Cristiano Menezes of the Brazilian Agricultural Research Corporation has discovered farming behaviors in bees, adding them to the list of social insects that practice agriculture.
Up to now, these black-and-gold balls of fluff were believed to rely solely on pollen and nectar for sustenance. However, a particular species, Scaptotrigona depilis — the Brazilian stingless bee — has been observed growing fungus to be fed to their larvae. Menezes says that if other species that rely on fungi for survival are found, there will be some serious concerns about using fungicides in agriculture.
He was studying the bees in the lab, when he found what the believed to be fungus contamination in their hives. But, looking at all 30 hives he had collected as specimens, he found it in each and every one. Even more suspiciously, it was growing inside brood cells — the structures that house a hive’s developing larvae. Hmm.

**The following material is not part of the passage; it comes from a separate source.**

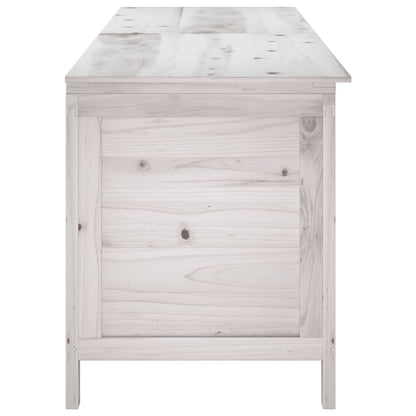 Garden Storage Box White 198.5x50x56.5 cm Solid Wood Fir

Taking a closer look at the presumed contaminant, Menezes began intuiting that maybe it wasn’t the fungi living off the bees, but the other way around. And indeed, it’s a keystone element of the hive — it permeates the cerumen, the waxy material bees build their stuff out off. After the bees lay an egg in each cell, and regurgitate food for the larva, the fungus starts growing from the cerumen into the cell. When the egg hatches, the larva feeds on the fungus, and it can’t feed on anything else. When the team tried to grow bees on a fungus-free diet, the survival rate of larvae dropped immensely, from 72 to only 8 percent.
“The survival difference may be either due to some nutrients provided by the fungus, or due to the fungus protecting the regurgitated food from spoiling,” the team reports.
When the bees leave their hive to start a new colony, they take some cerumen with them, so “seed” their new brood cells, proving that the bees understand and utilize the fungal agent.
“It is clear that the fungus profits from dispersal with the bees, both to new colonies and within the nest, and is offered a protected environment,” says Duur Aanen of Wageningen University in the Netherlands.
Menezes calls it “proto-farming” — the bees show some agricultural behaviours, such as “planting” the fungus, and providing stable conditions and nutrients for it to grow, then harvest it, but don’t actively tend to it. These behaviors are seen in other social insects as well, such as ants or termites — one species of ants was reported to even farm animals for meat.
“It is an exciting example of the complex connections between insects and microscopic life,” says Cameron Currie of the University of Wisconsin. “And it illustrates the important roles for beneficial symbionts in insects.”
Both Menezes and Currie think there are more farming bees to be found.
“Given the substantial diversity of bees, many of which are poorly studied, it is likely that other bees engage in similar associations,” Currie says.
This raises concern about the use of fungicides, which while not directly harmful to bees, may be affecting them by killing off their symbiotic fungi, Menezes’s team concludes.